Independent analysis. Visual tracking. Structured synthesis. Local-first.
_y is a visual orchestration layer for AI agents. Most multi-agent frameworks run in a terminal — logs scroll, JSON outputs, you have no idea what's happening between agents.
_y makes agent work visible. See who's analyzing what, how reports flow between functions, where agents disagree, and which LLM provider catches what the others miss. Configure agents for your business functions — marketing, engineering, risk, finance — and watch them work independently before a synthesis agent combines everything.
Run locally with Ollama (free), or use cloud LLMs (OpenAI, Anthropic, Google). Mix different providers per function for broader coverage.
Connect your business URL and _y's agents go to work:
Each department analyzes your business independently:
┌─────────────────────────────────────────────────────────┐
│ REPORT: Market Positioning Analysis │
│ Agent: Searchy (5F Marketing) │
│ Model: gemini-2.0-flash │
├─────────────────────────────────────────────────────────┤
│ │
│ Finding: Target site ranks #47 for primary keyword │
│ "AI automation" — competitors hold positions #3-#12. │
│ │
│ Recommendation: Focus on long-tail keywords │
│ "AI company builder" and "local LLM agents" where │
│ competition is 10x lower. │
│ │
│ Risk: Skepty (8F Risk) flags keyword cannibalization │
│ between blog and product pages. │
│ │
│ Status: PENDING REVIEW → Chairman Dashboard │
└─────────────────────────────────────────────────────────┘
Reports flow through a structured chain — not a chatbot:
URL Input → Agent Analysis (independent, parallel)
→ Cross-Department Review
→ Skepty Challenge (independent oversight)

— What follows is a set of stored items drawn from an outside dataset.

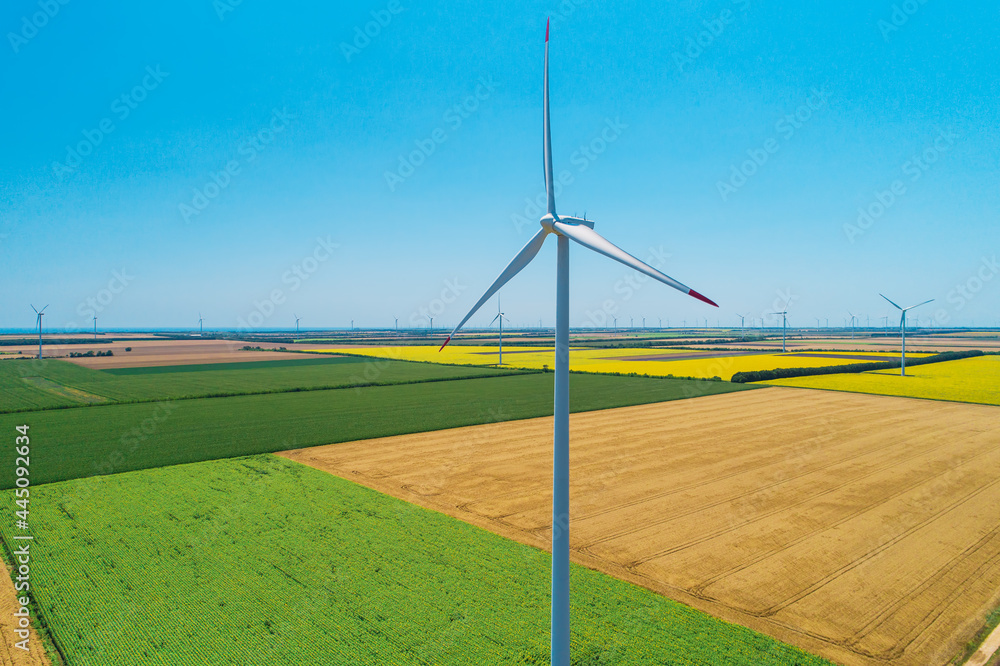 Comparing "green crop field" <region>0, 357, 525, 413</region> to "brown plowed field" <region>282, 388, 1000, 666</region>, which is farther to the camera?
"green crop field" <region>0, 357, 525, 413</region>

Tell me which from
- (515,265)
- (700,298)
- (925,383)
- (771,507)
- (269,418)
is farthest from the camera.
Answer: (925,383)

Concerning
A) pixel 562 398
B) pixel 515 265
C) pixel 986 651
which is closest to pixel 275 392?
pixel 515 265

→ Counsely Synthesis (Chief of Staff)
→ Chairman Decision (you)
| Agent | Department | Example Output |
|---|---|---|
| Searchy | Marketing | SEO audit, competitor keyword gaps |
| Buildy | Engineering | Tech stack analysis, performance bottlenecks |
| Finy | Capital | Revenue model assessment, unit economics |
| Skepty | Risk | Flags blind spots in other agents' reports |
| Buzzy | Content | Content strategy, social media positioning |
| Counsely | Chairman Office | Synthesizes all reports into executive brief |
Key: No agent sees another's analysis until review phase. This prevents groupthink — the Byzantine Principle in practice.
# 1. Clone
git clone https://github.com/antryu2b/_y.git
cd _y
# 2. Install
npm install
# 3. Setup (auto-detects your hardware, recommends models)
npm run setup
# 4. Start
npm run dev
# 5. Start the chat worker (in another terminal)
npm run chat-workerOpen http://localhost:3000 and connect your company.

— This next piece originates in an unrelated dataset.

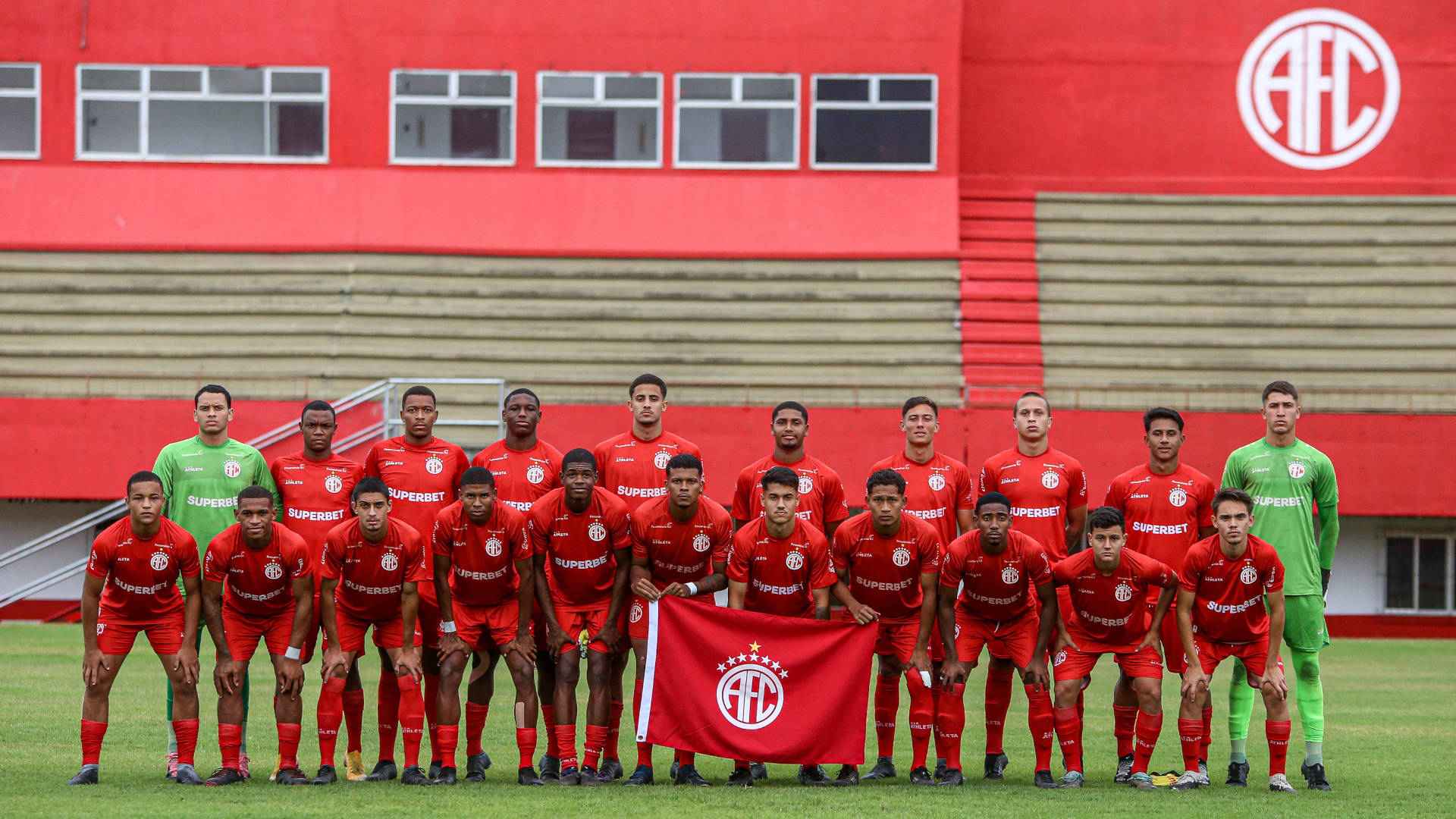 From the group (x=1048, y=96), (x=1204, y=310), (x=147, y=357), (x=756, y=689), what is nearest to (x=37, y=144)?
(x=147, y=357)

Once you see the dashboard at localhost:3000:
Type any company website URL into the input field. The agents will analyze it.

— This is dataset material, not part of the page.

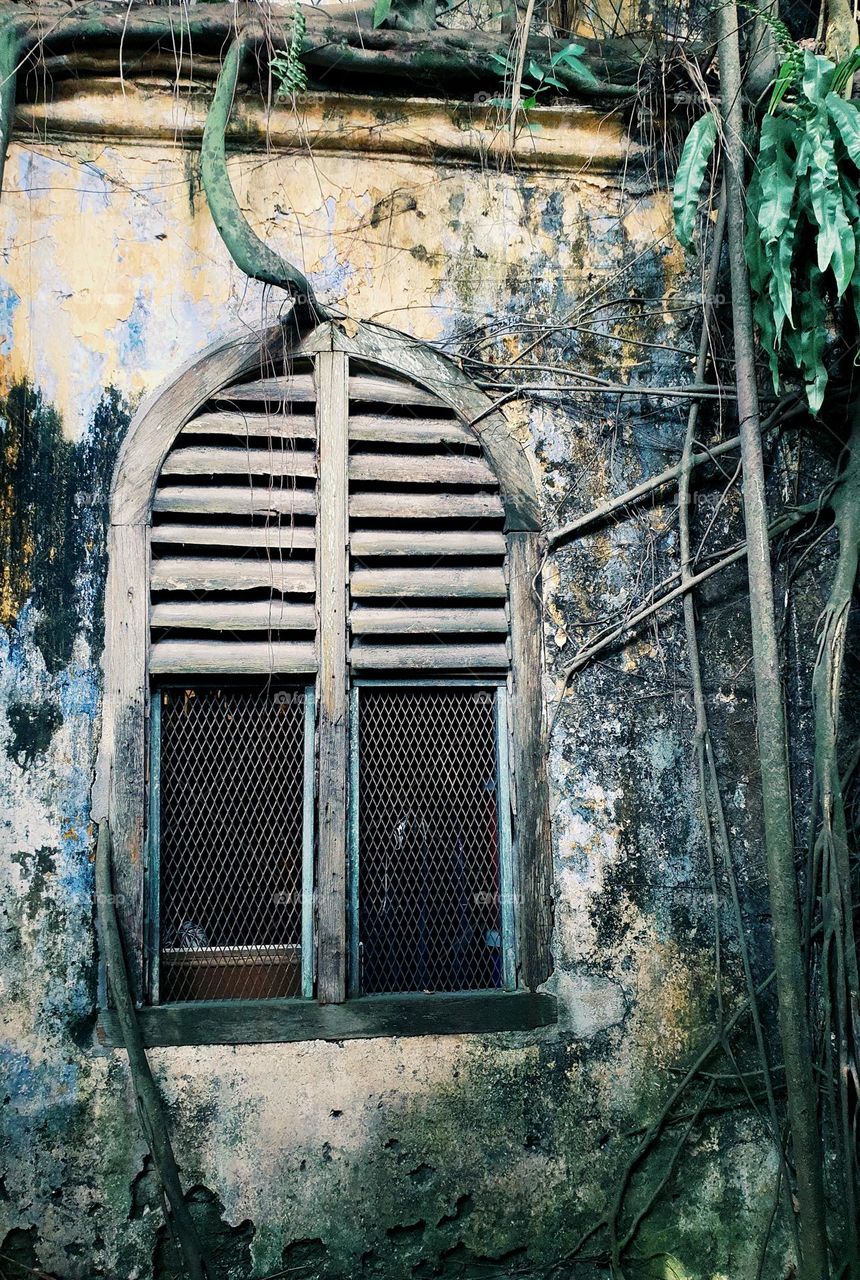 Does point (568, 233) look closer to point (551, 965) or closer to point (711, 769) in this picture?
point (711, 769)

Each agent independently analyzes the URL from their department's perspective:
- Searchy checks SEO and search positioning
- Buildy audits the tech stack
- Finy evaluates the business model
- Skepty challenges what others might miss
Reports appear in the Reports panel. Each department submits independently — no agent sees another's work until synthesis.
Counsely (Chief of Staff) combines all department reports into one executive brief with recommendations.
Items flow to the Decision Pipeline where you approve, reject, or modify recommendations.
You enter: https://example-startup.com
→ Searchy: "SEO score 34/100, missing meta descriptions on 12 pages"
→ Buildy: "React 18, no SSR, 4.2s load time on mobile"
→ Finy: "Freemium model, estimated 2.3% conversion rate"
→ Skepty: "Buildy missed: third-party scripts blocking render"
→ Counsely: "Priority: fix mobile performance (affects 68% of traffic)"
→ You: Approve / Modify / Reject
Pro tip: Try your own company's URL first. Then try a competitor's.
The setup wizard detects your RAM/GPU and recommends the optimal model profile:
| Profile | RAM | Models | Download |
|---|---|---|---|
| SMALL | 8GB | qwen2.5:7b | ~4GB |
| MEDIUM | 16GB | qwen3:14b + gemma3:12b | ~20GB |
| LARGE | 32GB | qwen3:32b + gemma3:27b | ~55GB |
| X-LARGE | 64GB+ | + llama3.3:70b | ~97GB |
The setup automatically pulls Ollama models and generates a llm-profile.json for optimal agent-model matching.
Choose your AI backend during setup:
| Provider | Models | Cost | Requirements |
|---|---|---|---|
| Ollama (default) | Qwen3, Gemma3, Llama3, ExaOne | Free | 8GB+ RAM, Ollama installed |
| OpenAI | GPT-4o, GPT-4o-mini | Pay per token | API key |
| Anthropic | Claude Sonnet, Claude Opus | Pay per token | API key |
| Gemini Flash, Gemini Pro | Free tier available | API key | |
| Mixed ⭐ | Any combination above | Varies | Multiple keys |
Mixed mode is where _y shines — assign different providers to different departments:
# .env
LLM_PROVIDER=mixed
OPENAI_API_KEY=sk-...
ANTHROPIC_API_KEY=sk-ant-...
GOOGLE_API_KEY=AI...// llm-profile.json (auto-generated by setup)
{
"provider": "mixed",
"agents": {
"counsely": { "provider": "anthropic", "model": "claude-sonnet-4-20250514" },
"skepty": { "provider": "openai", "model": "gpt-4o" },
"searchy": { "provider": "google", "model": "gemini-2.0-flash" },
"buildy": { "provider": "ollama", "model": "qwen3:32b" }
}
}Byzantine Principle in action: analysis (Gemini) → challenge (GPT-4o) → synthesis (Claude). Different companies, different architectures, different blind spots.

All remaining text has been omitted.